Carolina Biological Supply Company
How did life begin?
Was life and accident?
How did the first cell form and how did it evolve to cover the earth with teaming life?
These are some of the questions probed by Nobel laureate Christian de Duve.
In the beginning was a churning, volatile earth. From the few molecules arose the dazzling structures of life. After millenia of wonder it is now possible to read the blueprint that caused life to emerge.
Dr. Christian de Duve draws upon his vast knowledge of biochemistry and cell and molecular biology to provide a critical summary of current theories and speculations on the origin of life. He also presents in compelling fashion his own insights and theories, which represent a powerful, original contribution to this fascinating field of study. Blueprint for a Cell is the most up-to-date and comprehensive account available on the nature and origin of life.
Dr. de Duve begins by defining the basic characteristics of life (the “blueprint”) and explains clearly and concisely the fundamental chemical strategies that allow cells to live. Next he tracks the evolutionary stages in the development of cells, revealing his personal view of the very first cell, the precursor to all life on earth. He then goes back to prebiotic time and, knowing what is to come, traces the chemical and environmental processes that lead to the origin of life and, eventually, to the first cell.
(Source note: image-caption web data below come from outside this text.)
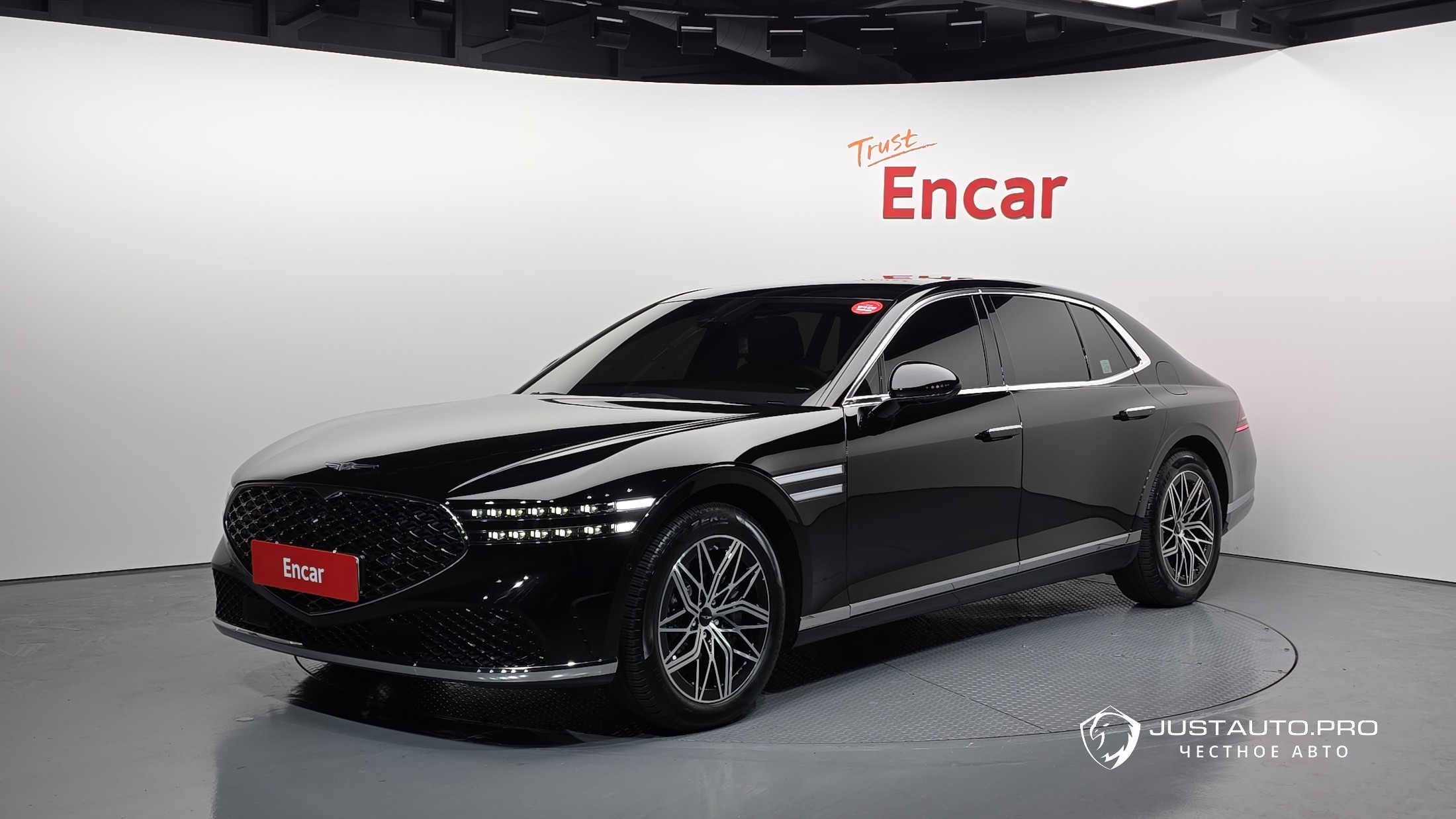 Автомобиль Genesis G90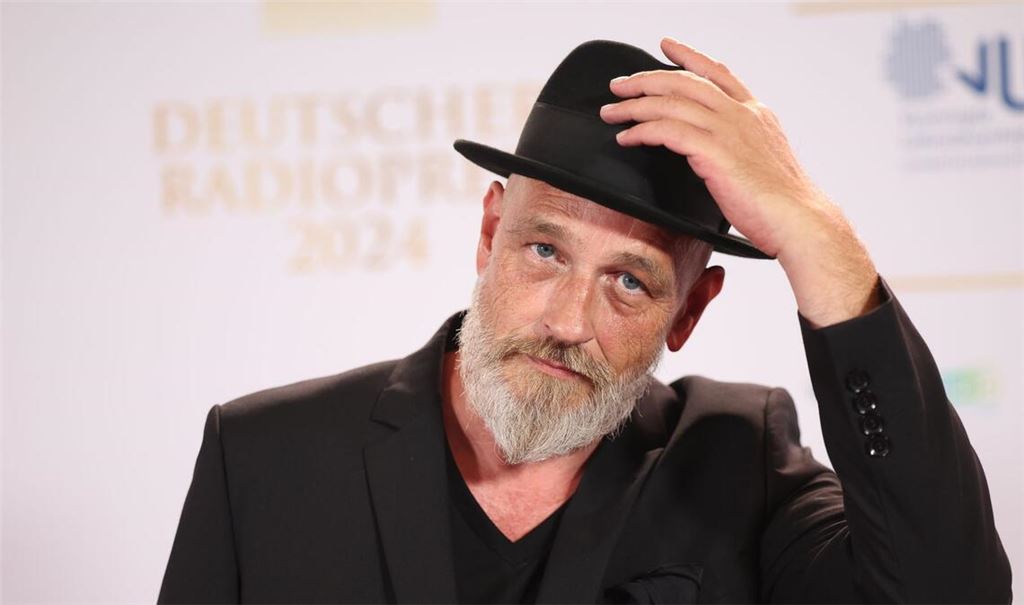 Torsten Sträter nennt Grund für abesagte Auftritte: Er hat eine Tumorerkrankung. (Archivbild)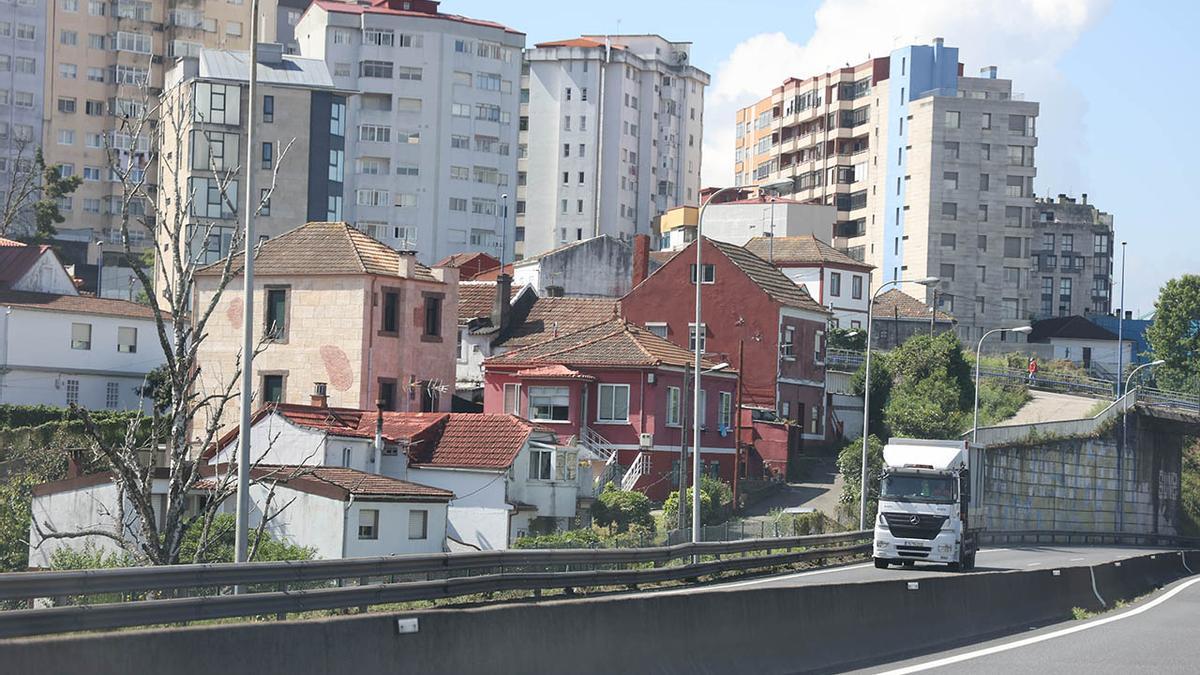 Edificios dispersos a ambos márgenes del vial sin pantallas acústicas que los amparen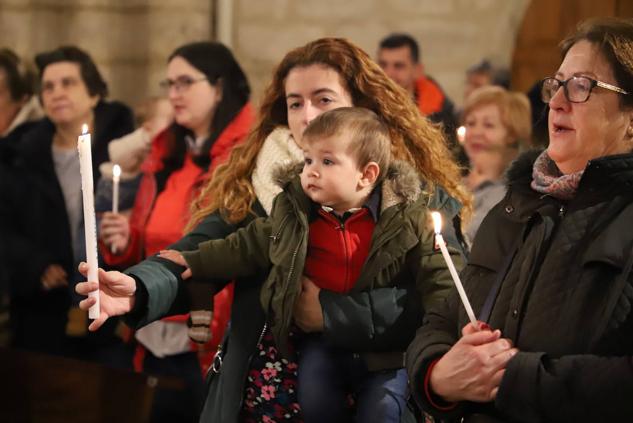 Imágenes de la tradicional Misa de la Luz con la que los nacidos el pasado año se han presentado y han recibido la bendición de la Virgen de la Candelaria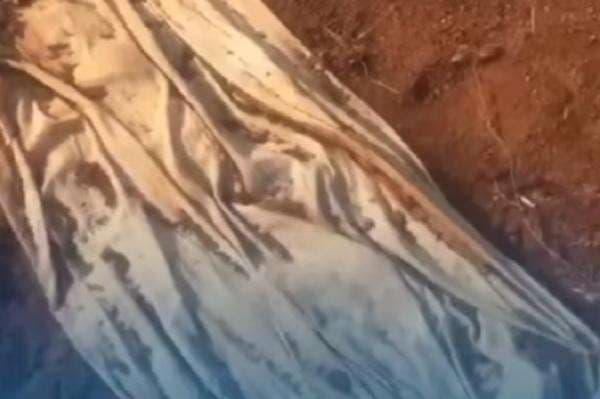 Viral! Kain Kafan hingga Kerangka Manusia Ditemukan di Proyek Perumahan Tangerang Viral! Kain Kafan hingga Kerangka Manusia Ditemukan di Proyek Perumahan Tangerang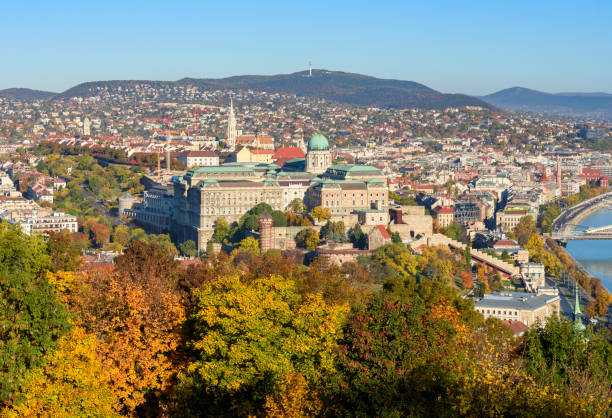 paisaje urbano otoñal de budapest con el palacio real de buda y la iglesia de matías, hungría - budapest aerial view royal palace of buda hungary fotografías e imágenes de stock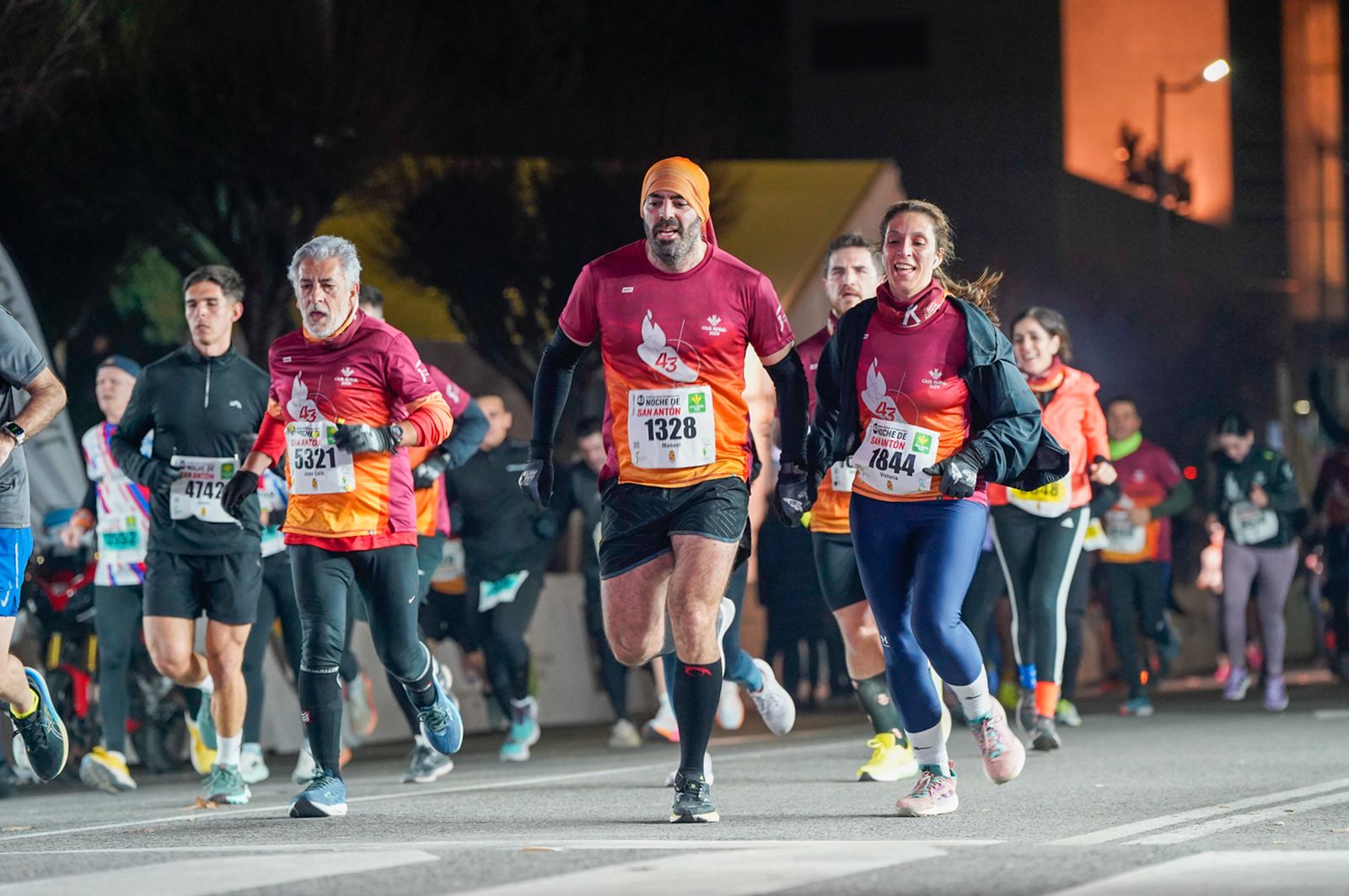 En imágenes: búscate en tu llegada a meta de la Carrera de San Antón 2026 (18)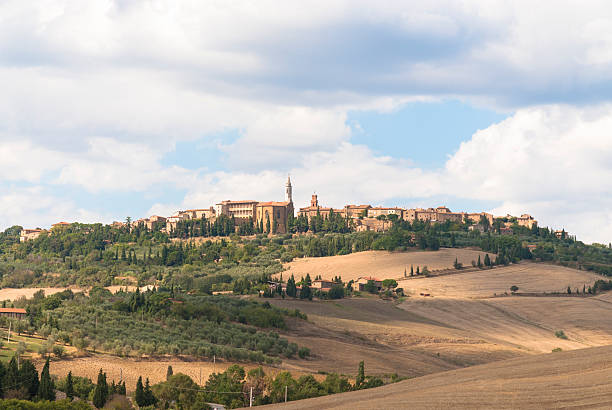 paisaje de pienza, toscana - val dorcia fotografías e imágenes de stock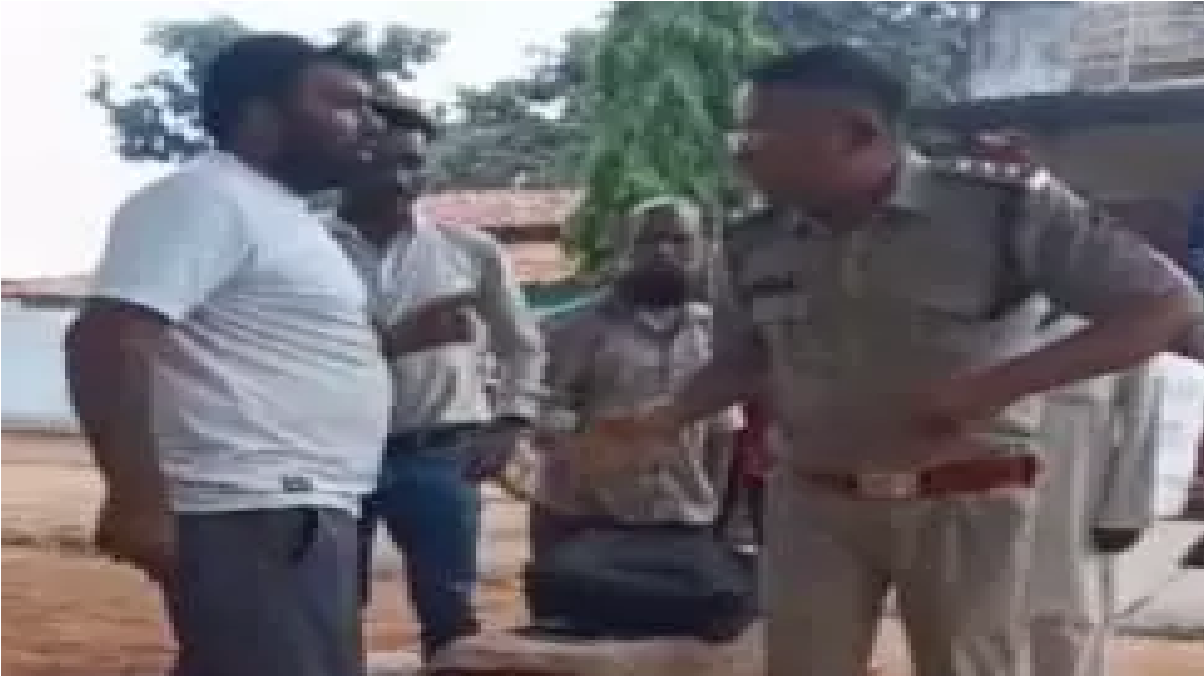 Chhattisgarh Police Viral Video
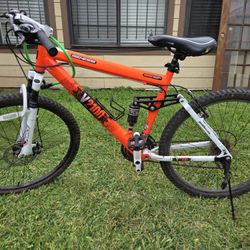 Genesis V2100 Montain Bike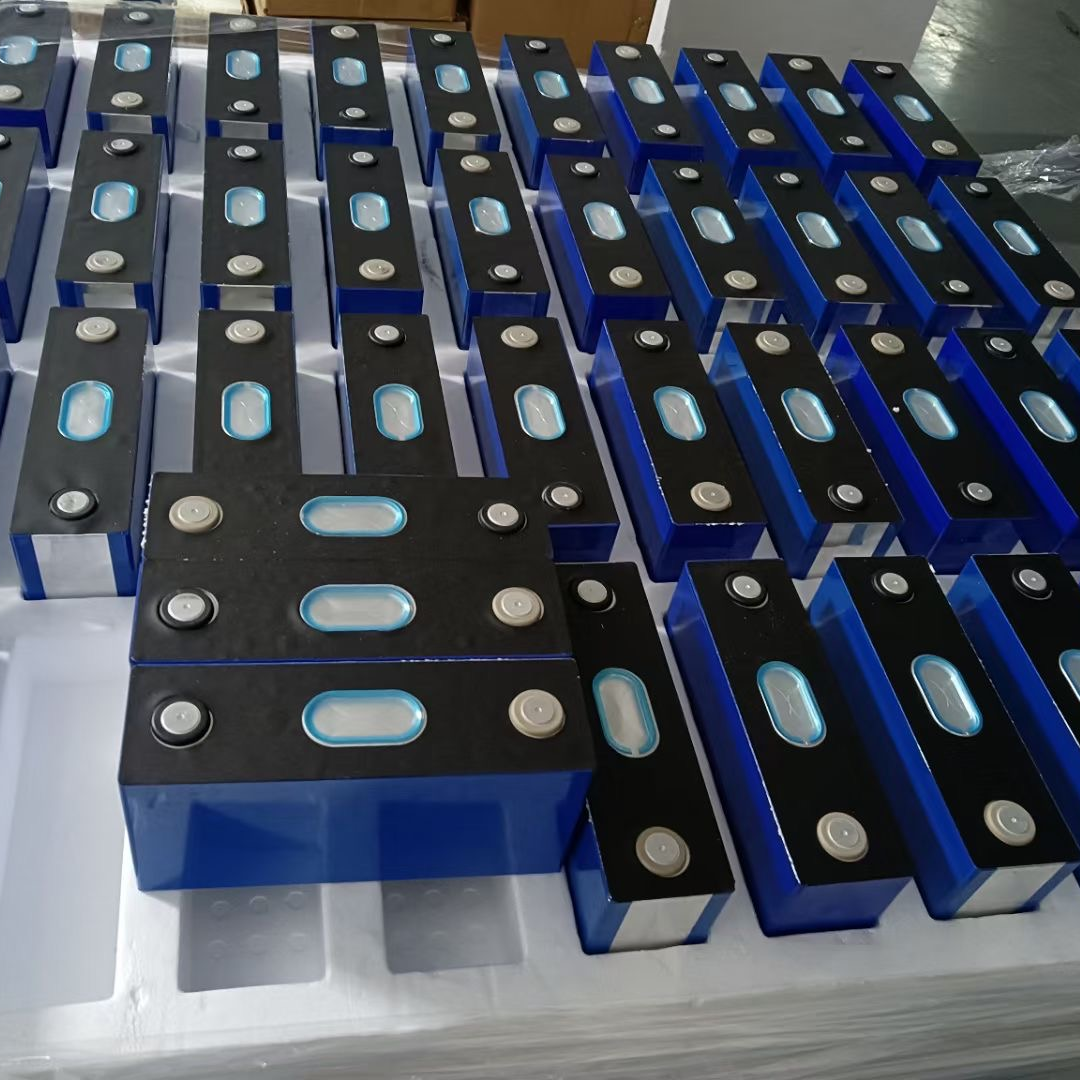 Large Capacity New CATL NMC Cells Prismatic 3.7V 203Ah 234Ah Lithium Battery With Accessories
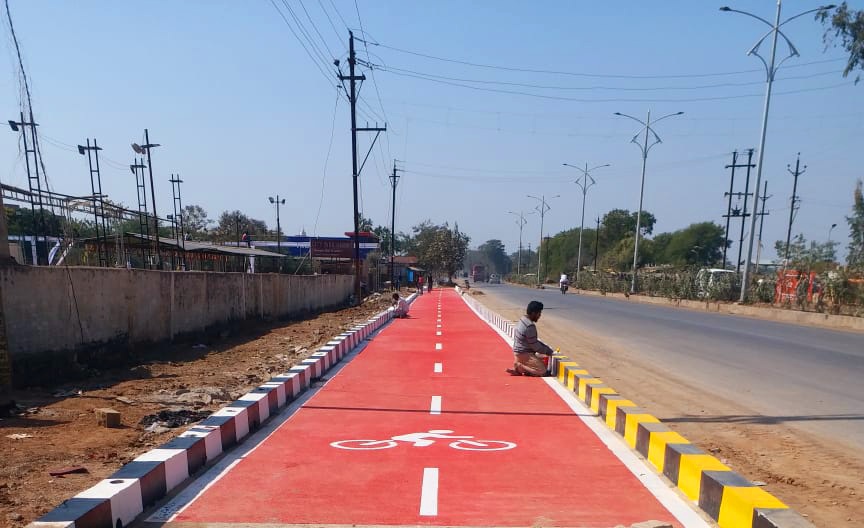 viral33334's tweet photo. Cycle track 3.5 mtr wide @SmartSatna @amanbains2211 sir thanks for giving us this opportunity. @Secretary_MoHUA @CyclingCities https://t.co/vWZmFMBHGi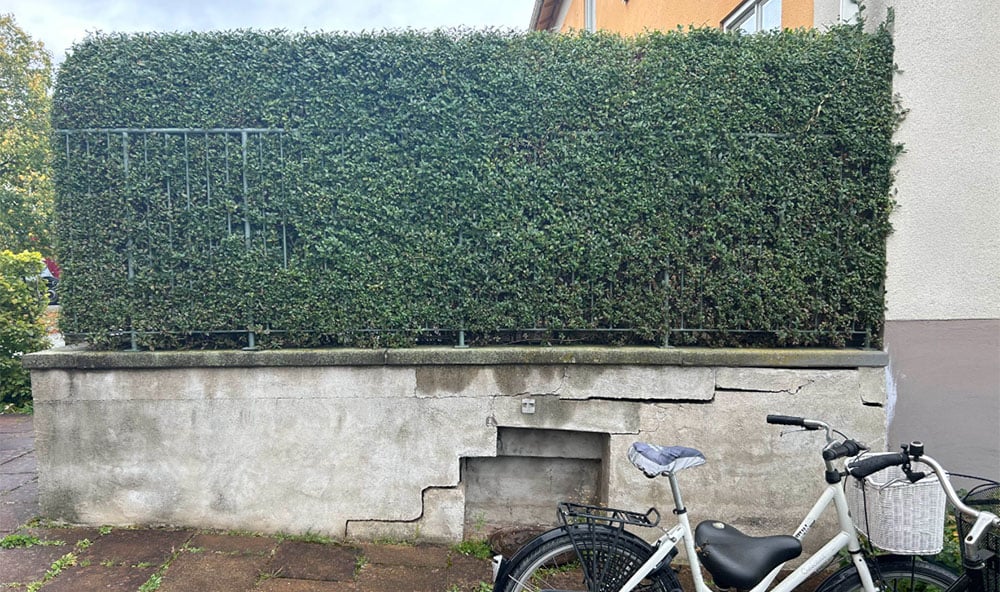 Läs hur Geobear stabiliserade en sprucken stödmur hos BRF Riksbyhöjden i Bromma genom grundförstärkning genom precisionsinjektering av geopolymer på bara en dag.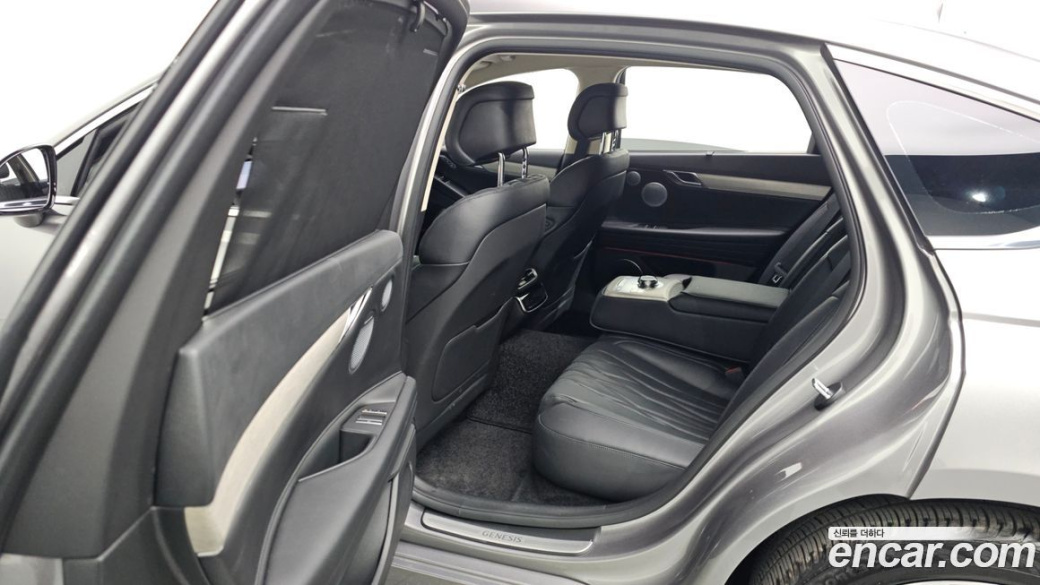 Genesis G80 Gasoline 2.5 Turbo AWD, 2025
Christian de Duve shares his time between New York, where he is Andrew W. Mellon Professor emeritus at The Rockefeller University, and Brussels, where he is Professor emeritus at the Catholic University of Louvain and President of the International Institute of Cellular and Molecular Pathology. His research has centered on the separation and characterization of the different parts of living cells. He is known for the discovery of two cell organelles: the lysosomes, in which digestive processes take place, and the peroxisomes, which are sites of oxidative metabolism. His studies have yielded new insights into the cellular basis of many diseases.
He was awarded the Nobel Prize in Physiology or Medicine in 1974 (jointly with Albert Claude and George E. Palade) for “discoveries concerning the structural and functional organization of the cell.” In 1975, he was elected a foreign associate of the National Academy of Sciences.
Dr. de Duve is a member of the Royal Academies of Medicine and of the Royal Academy of Sciences, Arts, and Literature of Belgium; the Pontifical Academy of Sciences; the American Academy of Arts and Sciences; the Academie des Sciences de Paris; Deutsche Akademie der Naturforscher Leopoldina; European Academy of Arts, Sciences, and Humanities; and the Academie des Sciences d’Athenes. He is a foreign member of the Royal Society (London), an honorary member of the British Biochemical Society, and a fellow of the American Association for the Advancement of Science.